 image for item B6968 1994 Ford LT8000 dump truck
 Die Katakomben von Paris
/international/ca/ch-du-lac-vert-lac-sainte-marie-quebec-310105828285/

--

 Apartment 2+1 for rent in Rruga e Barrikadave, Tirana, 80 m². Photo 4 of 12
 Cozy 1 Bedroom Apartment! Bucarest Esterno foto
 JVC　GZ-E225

--

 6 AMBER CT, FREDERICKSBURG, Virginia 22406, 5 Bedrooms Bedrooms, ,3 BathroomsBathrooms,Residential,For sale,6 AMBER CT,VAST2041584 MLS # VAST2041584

| Try it |
Each line of the material that has the word "Apartment" belongs in the answer.

| Task result |
 Apartment 2+1 for rent in Rruga e Barrikadave, Tirana, 80 m². Photo 4 of 12
 Cozy 1 Bedroom Apartment! Bucarest Esterno foto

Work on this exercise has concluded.